Without hesitation, she placed her hand in his. It was like coming home.
He escorted Lady Joanna to the small room at the back of the house off the main dining room where the table had been laid with the foods he liked to eat in the morning: fresh eggs, salty sweet Gruyère cheese, some petit pains and a dish of butter. In the center of the table was a bowl of strawberries. And for the lady, chocolat.
Next to his place, Rose had set a small pitcher of sweet cream for his café au lait. The aroma of the rich dark brew drew him. After his sleepless night, he needed the coffee.
He pulled out a chair for her facing the view of the harbor. “I see Rose has thoughtfully included tea and chocolate for you, my lady. Do you mind my dining as I am, without even a waistcoat?”

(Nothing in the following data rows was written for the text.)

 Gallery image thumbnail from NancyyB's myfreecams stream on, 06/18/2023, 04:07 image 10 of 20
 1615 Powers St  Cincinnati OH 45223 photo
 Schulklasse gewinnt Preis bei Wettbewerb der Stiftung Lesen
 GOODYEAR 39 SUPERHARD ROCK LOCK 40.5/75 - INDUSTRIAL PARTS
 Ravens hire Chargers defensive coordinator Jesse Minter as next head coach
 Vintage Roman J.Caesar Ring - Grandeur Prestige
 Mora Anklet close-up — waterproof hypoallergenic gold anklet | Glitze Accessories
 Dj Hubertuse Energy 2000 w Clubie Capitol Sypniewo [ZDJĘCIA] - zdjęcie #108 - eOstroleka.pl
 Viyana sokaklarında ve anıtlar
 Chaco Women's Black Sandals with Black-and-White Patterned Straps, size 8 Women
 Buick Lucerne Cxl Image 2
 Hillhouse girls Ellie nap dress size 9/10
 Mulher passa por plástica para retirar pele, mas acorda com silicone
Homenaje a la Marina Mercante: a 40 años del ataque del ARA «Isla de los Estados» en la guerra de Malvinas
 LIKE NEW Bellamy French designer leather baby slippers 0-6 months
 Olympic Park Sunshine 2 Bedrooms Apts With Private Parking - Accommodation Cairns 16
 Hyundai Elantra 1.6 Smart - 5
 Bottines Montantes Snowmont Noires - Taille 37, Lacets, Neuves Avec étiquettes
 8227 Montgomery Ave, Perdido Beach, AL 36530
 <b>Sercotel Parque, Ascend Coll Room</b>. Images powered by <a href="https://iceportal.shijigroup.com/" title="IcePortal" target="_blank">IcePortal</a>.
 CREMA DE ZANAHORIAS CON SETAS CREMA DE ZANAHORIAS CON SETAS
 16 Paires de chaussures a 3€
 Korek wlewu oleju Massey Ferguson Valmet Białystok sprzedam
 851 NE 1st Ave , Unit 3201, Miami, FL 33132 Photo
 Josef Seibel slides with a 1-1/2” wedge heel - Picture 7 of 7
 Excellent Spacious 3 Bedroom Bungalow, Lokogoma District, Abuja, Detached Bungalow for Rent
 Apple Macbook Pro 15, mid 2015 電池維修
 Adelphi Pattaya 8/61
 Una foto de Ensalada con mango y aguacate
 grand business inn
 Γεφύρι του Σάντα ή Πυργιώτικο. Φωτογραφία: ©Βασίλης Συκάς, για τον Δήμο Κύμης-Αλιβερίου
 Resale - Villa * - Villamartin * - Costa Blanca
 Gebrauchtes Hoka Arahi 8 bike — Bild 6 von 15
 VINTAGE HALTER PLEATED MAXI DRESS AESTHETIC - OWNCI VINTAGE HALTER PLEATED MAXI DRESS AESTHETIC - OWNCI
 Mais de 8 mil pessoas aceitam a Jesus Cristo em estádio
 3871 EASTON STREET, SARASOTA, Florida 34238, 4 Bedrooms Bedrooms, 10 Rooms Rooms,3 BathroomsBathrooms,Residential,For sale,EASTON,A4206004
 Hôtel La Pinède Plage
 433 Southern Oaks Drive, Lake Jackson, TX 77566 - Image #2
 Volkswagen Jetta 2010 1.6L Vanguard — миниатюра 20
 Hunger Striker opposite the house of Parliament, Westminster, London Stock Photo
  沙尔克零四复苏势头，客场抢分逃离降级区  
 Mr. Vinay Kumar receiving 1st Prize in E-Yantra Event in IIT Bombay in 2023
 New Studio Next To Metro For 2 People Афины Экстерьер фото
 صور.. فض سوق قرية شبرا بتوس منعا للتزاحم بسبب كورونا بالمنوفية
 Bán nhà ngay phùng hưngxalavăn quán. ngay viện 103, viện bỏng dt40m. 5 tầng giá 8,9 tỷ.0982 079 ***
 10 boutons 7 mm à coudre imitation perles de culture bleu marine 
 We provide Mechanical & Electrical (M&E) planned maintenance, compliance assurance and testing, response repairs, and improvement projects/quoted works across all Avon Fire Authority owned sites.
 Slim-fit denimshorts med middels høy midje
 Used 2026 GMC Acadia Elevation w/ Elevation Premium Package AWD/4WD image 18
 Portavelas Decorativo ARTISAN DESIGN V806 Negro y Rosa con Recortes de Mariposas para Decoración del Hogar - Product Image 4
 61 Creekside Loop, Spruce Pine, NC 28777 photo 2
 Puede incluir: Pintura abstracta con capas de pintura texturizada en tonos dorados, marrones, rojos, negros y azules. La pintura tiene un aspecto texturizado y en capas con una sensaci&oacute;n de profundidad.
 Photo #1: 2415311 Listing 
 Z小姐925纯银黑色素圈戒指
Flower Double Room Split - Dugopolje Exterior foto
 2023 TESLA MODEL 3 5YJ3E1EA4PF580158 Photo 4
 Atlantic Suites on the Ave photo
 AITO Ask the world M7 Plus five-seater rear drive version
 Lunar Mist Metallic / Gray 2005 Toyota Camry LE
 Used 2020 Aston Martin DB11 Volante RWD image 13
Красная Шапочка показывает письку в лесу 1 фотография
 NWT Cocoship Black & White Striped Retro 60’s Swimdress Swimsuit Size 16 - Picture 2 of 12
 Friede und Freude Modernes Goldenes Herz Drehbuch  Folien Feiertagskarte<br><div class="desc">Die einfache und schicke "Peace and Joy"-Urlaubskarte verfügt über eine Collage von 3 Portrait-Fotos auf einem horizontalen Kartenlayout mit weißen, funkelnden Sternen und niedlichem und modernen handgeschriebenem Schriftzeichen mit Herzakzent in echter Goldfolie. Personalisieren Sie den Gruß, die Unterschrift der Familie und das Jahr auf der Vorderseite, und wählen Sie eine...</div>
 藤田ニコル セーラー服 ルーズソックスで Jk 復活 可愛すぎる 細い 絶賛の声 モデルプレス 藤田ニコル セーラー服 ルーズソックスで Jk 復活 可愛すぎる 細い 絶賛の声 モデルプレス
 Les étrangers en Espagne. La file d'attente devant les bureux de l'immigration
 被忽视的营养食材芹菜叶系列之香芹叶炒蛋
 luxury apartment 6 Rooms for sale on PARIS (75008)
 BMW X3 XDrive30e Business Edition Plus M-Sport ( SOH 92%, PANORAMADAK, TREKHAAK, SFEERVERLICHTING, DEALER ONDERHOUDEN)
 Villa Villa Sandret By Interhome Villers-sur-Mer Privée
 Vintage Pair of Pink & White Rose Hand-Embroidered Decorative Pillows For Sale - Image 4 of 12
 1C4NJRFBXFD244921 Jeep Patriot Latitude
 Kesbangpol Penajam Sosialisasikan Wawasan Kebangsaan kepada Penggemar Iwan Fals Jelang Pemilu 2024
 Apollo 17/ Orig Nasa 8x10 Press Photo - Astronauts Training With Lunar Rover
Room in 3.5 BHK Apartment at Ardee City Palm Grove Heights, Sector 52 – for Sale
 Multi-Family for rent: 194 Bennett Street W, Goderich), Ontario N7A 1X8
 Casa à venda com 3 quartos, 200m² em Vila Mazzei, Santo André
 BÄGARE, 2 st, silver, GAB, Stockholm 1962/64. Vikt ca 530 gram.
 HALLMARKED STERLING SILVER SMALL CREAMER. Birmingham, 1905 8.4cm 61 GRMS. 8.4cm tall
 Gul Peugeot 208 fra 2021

“Not at all,” she said, taking her seat. “You look as I imagine a pirate might when eating his breakfast.”
He laughed. “A pirate would not wear so much lace, I assure you. Is the food to your liking? Perhaps I should ask for some honey?” He had not forgotten her pink tongue licking the golden nectar from her luscious lips.
“With all this, I do not need honey. Your housekeeper is a wonder.”
They ate in amiable silence for some minutes, Jean enjoying the quiet. He liked that she was not given to constant chatter, as were some females. He peered at her over his coffee. This morning, wearing the simple morning gown, her lovely hair tied back with a ribbon, she appeared a beguiling creature as she bit into a strawberry. But young, he reminded himself.
He should not have kissed her, because now he very much wanted to do it again. Clearing his mind of such thoughts, Jean picked up the Journal de Paris Rose had placed on the table and read a bit of the article by Benjamin Franklin. He sat back and laughed.
“What is it?” Lady Joanna asked, setting down her chocolate.
“If Benjamin Franklin were a sailor, he would have made this discovery long ago.” Seein
g he had piqued her interest, he went on. “It seems Franklin’s servant forgot to close his master’s drapes. Awakened at six o’clock by a noise, Franklin was surprised to find his bedchamber filled with sunlight. The statesman had no idea the sun came up so early in June.”
“Hardly a revelation.”
Jean could not resist a smile. “You must remember, this is Franklin the scientist. His discovery got him to thinking how many candles the city of Paris could save if the French would merely arise and retire at an earlier hour.”
Lady Joanna screwed up her face in an enchanting manner and shook her head. “How could he be so smart, such a clever inventor, and yet not have realized that before?”
“Well, the article indicates it is his habit to retire several hours after midnight and then sleep until noon so he never sees the sun rise and, seeing it, his brilliant mind began to consider the possibilities.” Jean looked again to the article, his finger following one of the lines. “Among other things, he proposes that every morning, as soon as the sun rises, all the bells in every church should be rung. And if that is not sufficient, cannons should be fired in every street to wake the sluggards.”
Lady Joanna shook her head and licked the berry juice from her now red lips. “I cannot see that becoming a popular idea.”
“He has one thing correct,” Jean said, trying to focus on the article and not her enticing lips. “He claims the heavy taxes imposed upon the people by the necessities of state provide abundant reasons to be economical.”
“Somehow, I think the poor do not have to try and rise or retire early. Their work requires it.”
“’Tis true. I remember my life in Saintonge as a youth. The workers were in the vineyards early.”
“You were raised in Saintonge?”
“Oui. Except for excursions to Paris, I lived there until I was twenty. Which reminds me, we sail tomorrow, but not for England. I must first go to Saintonge.”
“What? But I thought—”
“Yes, I know, but Saintonge is closer, and I have not been there since I learned of the deaths of my father and brother. It is imperative I go now.”